Changes in five areas

Beerens said the ambition is to source materials in a sustainable way and make changes in five areas most material to the business: greenhouse gas emissions, water, land, human rights and income.

In 2015, we made a commitment to source all of our rice from farmers who are working towards the Sustainable Rice Platform standard by 2020,” ​he said.

“We are making this commitment to reduce our environmental footprint, ensure a consistently high quality supply of rice for our business, and improve the lives of rice farmers in our value chain.”

Mutuality and responsibility are two of the key principles followed at Mars, said Beerens.

“In our rice supply chain, our Mutuality Principle guides our work supporting our farmers, helping them learn more sustainable growing techniques so they can improve yields and income, and grow a high-quality rice product,” ​he said.

“Our Responsibility Principle guides us in embracing the important role we can play in leading the world toward more sustainable rice and protecting our planet for the next generation.”

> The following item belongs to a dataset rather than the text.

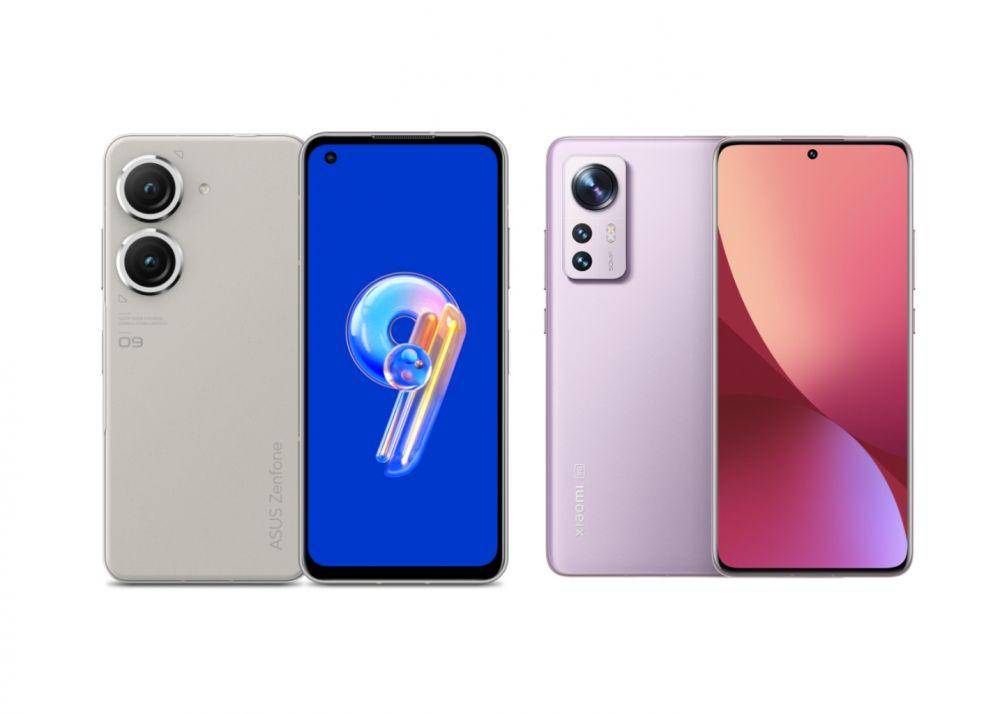 potret ASUS Zenfone 9 dan Xiaomi 12 (asus.com | mobile.mi.co.id)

SGS is an inspection, verification, testing and certification company with more than 90,000 employees as well as 2,000 offices and laboratories globally.

Transparency-One combines graph database technology, supply chain expertise and global supplier onboarding services to help stakeholders reduce business risk.

The firm was spun-off from Trace One, the private label product lifecycle management (PLM) software experts in 2016, and SGS acquired a 20% stake in Transparency-One at the same time.

Blippar uses image recognition, augmented reality and computer vision technologies to bridge the physical and digital worlds through smart devices.